ACTIVITY
Print exactly, and only, the lines from the one that has "Alfabēts 26 angļu" through the end of the material below, with both ends included and the pictures omitted.

DATA BELOW
• • • • • • •
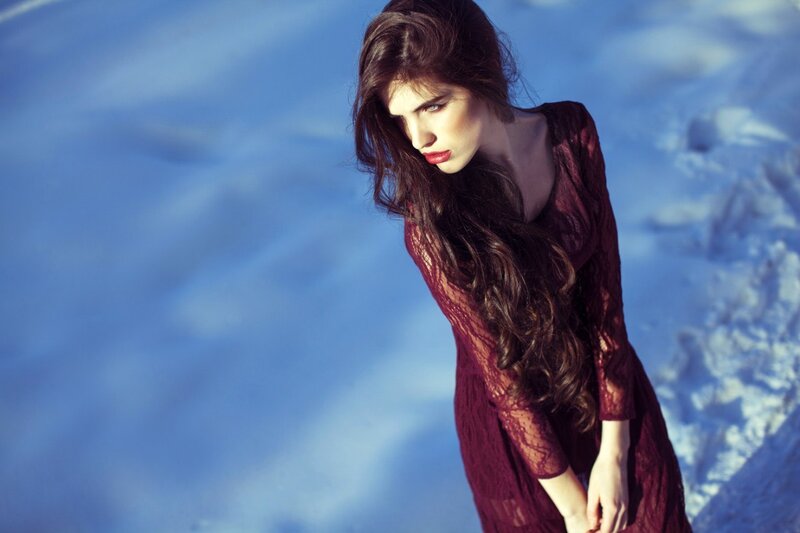 Woman in Red Dress — Blue, Dramatic, Winter, Photograph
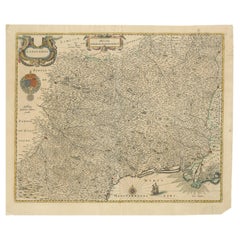 Map of Languedoc by Willem Blaeu, Antique French Copper Engraving 1635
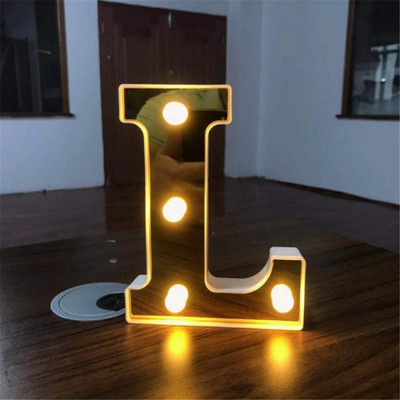 Alfabēts 26 angļu LED burtu nakts gaisma telts zīmju ciparu lampa Ziemassvētku rotājums mājas ballītei guļamistabā kāzu dzimšanas diena
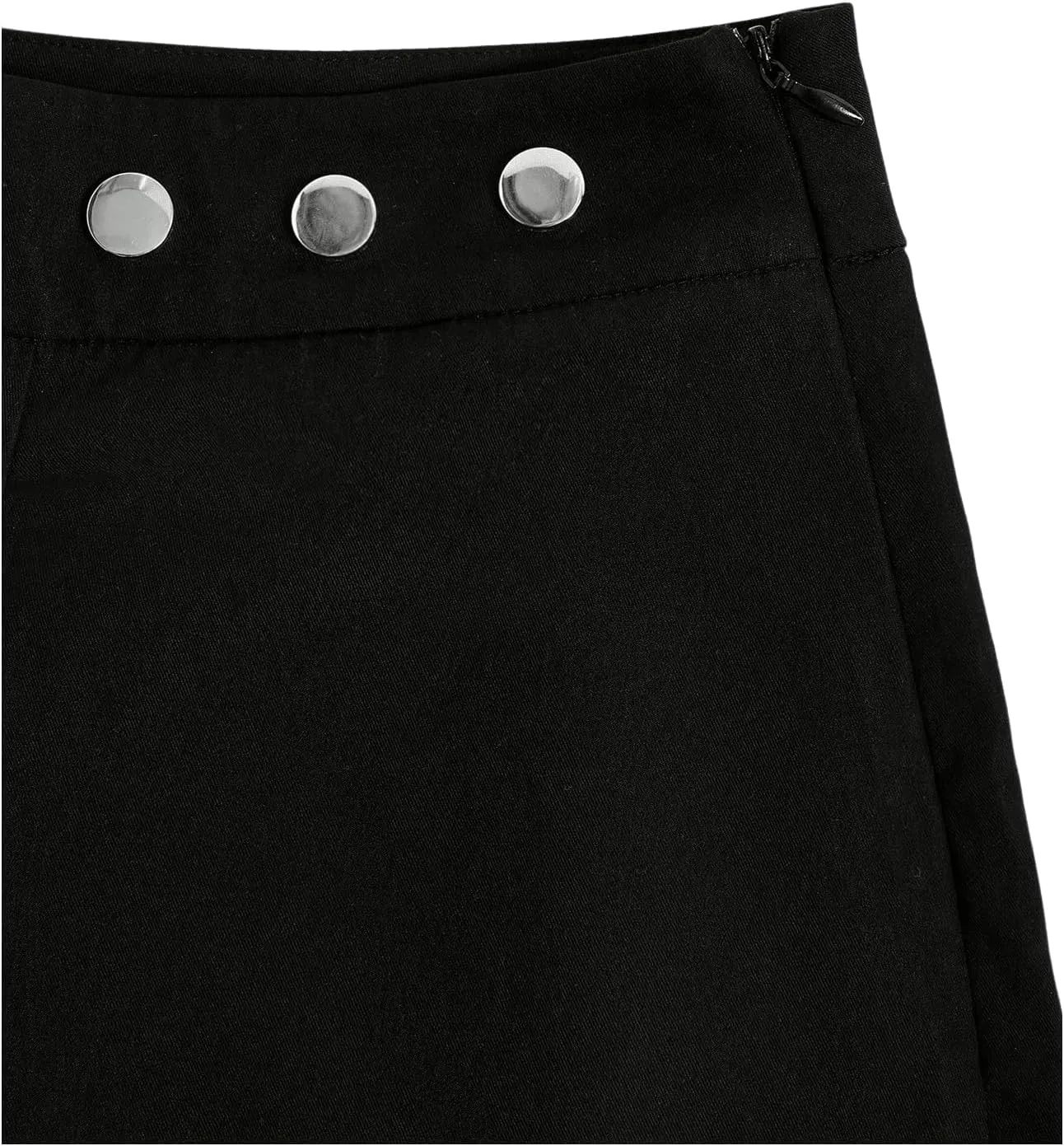 WDIRARA Women's High Waist Pleated Button Skort Asymmetrical Skirt Shorts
• • • • • • •
TASK SOLUTION
 Alfabēts 26 angļu LED burtu nakts gaisma telts zīmju ciparu lampa Ziemassvētku rotājums mājas ballītei guļamistabā kāzu dzimšanas diena
 WDIRARA Women's High Waist Pleated Button Skort Asymmetrical Skirt Shorts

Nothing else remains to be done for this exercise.